I want to export this SVG to PDF so the groups translate to layers (OCGs), like this:
<ThroughCut>
<Path>
<Path>
<Path>
<Path>
<Graphics>
<Path>
<Path>
<Path>
<Path>
Yet any tool I have tried for this puts all objects in the same layer, and basically throws away information about groups.
Solutions in JavaScript or Python are preferred, but anything that executes from the command line on a UNIX machine will do.
I solved my problem as stated here, by following this PyMuPDF issue on Github.
Since I have control over the input SVG, I managed to solve the problem by parsing two SVGs to PDFs and combining them in separate layers of a new document. This is what I'm doing:
import fitz
from svglib.svglib import svg2rlg
from reportlab.graphics.renderPDF import drawToString
def svg_to_doc(path):
"""Using this function rather than `fitz`' `convertToPDF` because the latter
fills every shape with black for some reason.
"""
drawing = svg2rlg(path)
pdfbytes = drawToString(drawing)
return fitz.open("pdf", pdfbytes)
# Create a new blank document
doc = fitz.open()
page = doc.new_page()
# Create "Layer1" and "Layer2" OCGs and get their `xref`s
xref_1 = doc.add_ocg('Layer1', on=True)
xref_2 = doc.add_ocg('Layer2', on=True)
# Load "layer_1" and "layer_2" svgs and convert to pdf
doc_1 = svg_to_doc("my_layer_1.svg")
doc_2 = svg_to_doc("my_layer_2.svg")
# Set the `page` dimensions. Note: for me it makes sense to set the bounding
# box of the output to the same as `doc_1`, because I know `doc_1` contains
# `doc_2`. If that were not the case, I would set `bb` to be a new
# `fits.Rect` object that contained both `doc_1` and `doc_2`.
bb = doc_1[0].rect
page.setMediaBox(bb)
# Put the docs in their respective OCGs
page.show_pdf_page(bb, doc_1, 0, oc=xref_1)
page.show_pdf_page(bb, doc_2, 0, oc=xref_2)
# Save
doc.save("output.pdf")
If I load "output.pdf" in Adobe Acrobat the layers show. Curiously, the same is not the case for Adobe Illustrator (here they are simply "Clip Groups"). Regardless, I believe this solves the problem as stated above.
my_layer_1.svg
my_layer_2.svg
My other solution, although correct, does not produce a PDF that is compatible with Adobe standards (for example, Illustrator will not see the OCGs as legitimate layers—although strangely, Acrobat will).

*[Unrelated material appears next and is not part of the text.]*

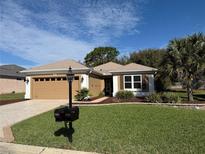 Charming single-story home with a well-manicured lawn and an attached two-car garage at 9369 Se 124Th Loop, Summerfield, FL 34491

In case one needs to produce a PDF that is compatible with Adobe standards, and will be loaded correctly in Illustrator, another option is to use the Illustrator scripting API.
Here's a script that one can use to convert a loaded SVG file into a PDF with the desired layer structure.

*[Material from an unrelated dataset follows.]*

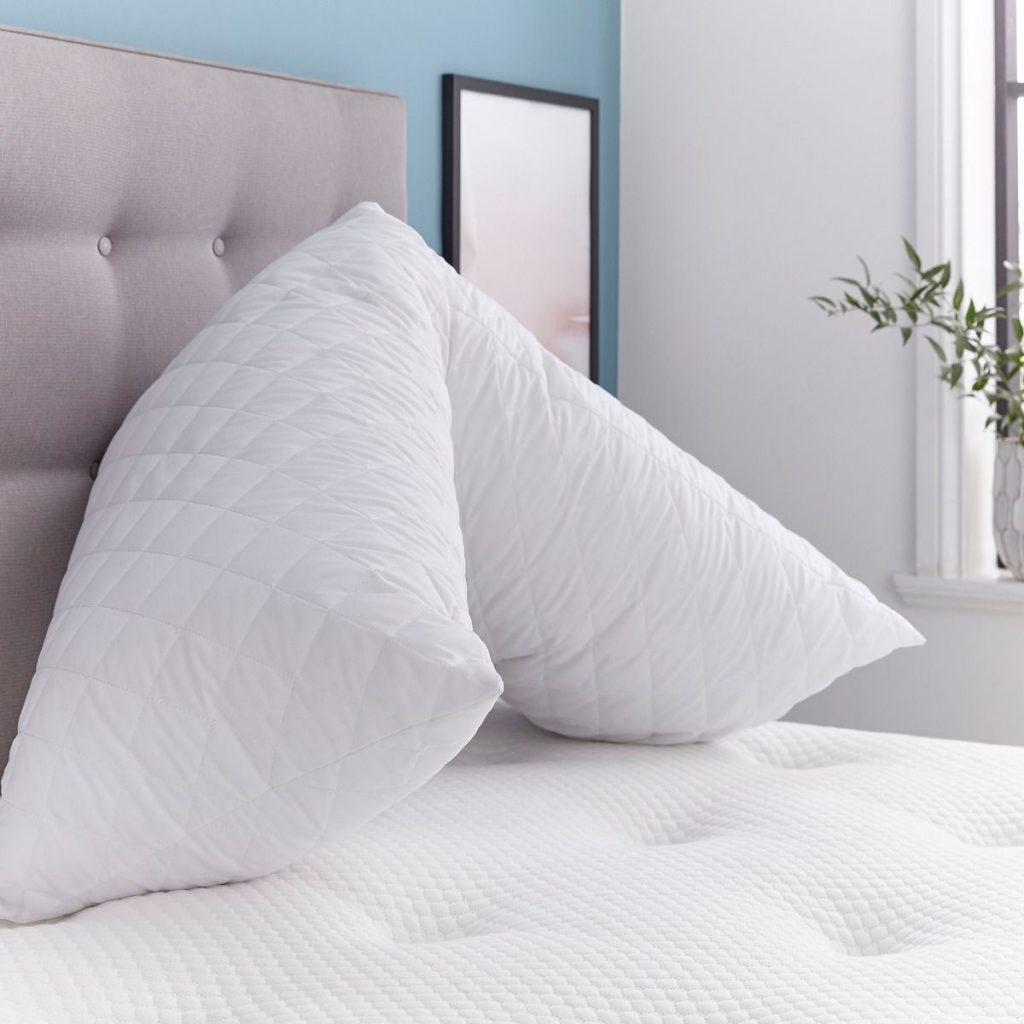 Silentnight Body Support Pillow folded on a mattress, showing its quilted cover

/** Convert an open file in Illustrator to PDF, after removing the first layer.
* Useful for converting SVGs into PDFs, where it is desired that the first level
* `<g>` elements are converted to layers/OCGs in the exported PDF.
*/
// Select export destination
const destFolder = Folder.selectDialog( 'Select folder for PDF files.', '~' );
// Get the PDF options to be used
const options = getOptions();
// The SVG should have a single `Layer1` top layer...

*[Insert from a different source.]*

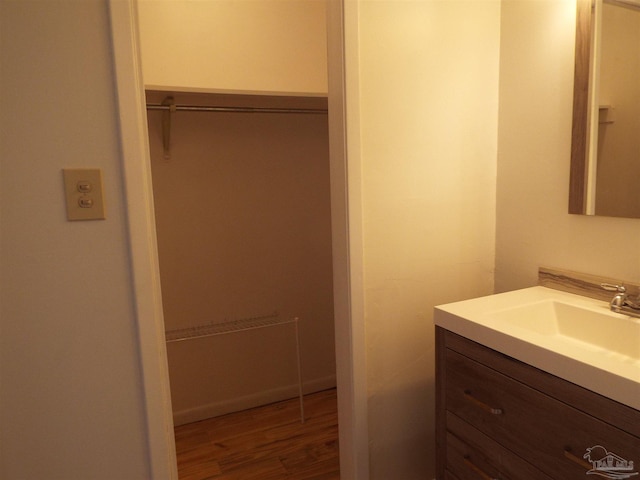 bathroom with vanity and hardwood / wood-style flooring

const doc = app.activeDocument;
if (doc.layers.length == 1) {
// ... remove it
removeFirstLayer(doc)
// Create a file pointer for export...
var targetFile = getTargetFile(doc.name, '.pdf', destFolder);
// ... and save save `doc` in the file pointer.
doc.saveAs(targetFile, options);
}
/* --------- */
/* Utilities */
/* --------- */
function getOptions() {
// Create PDFSaveOptions object
var pdfSaveOpts = new PDFSaveOptions();
// Set PDFSaveOptions properties (toggle these comment/uncomment)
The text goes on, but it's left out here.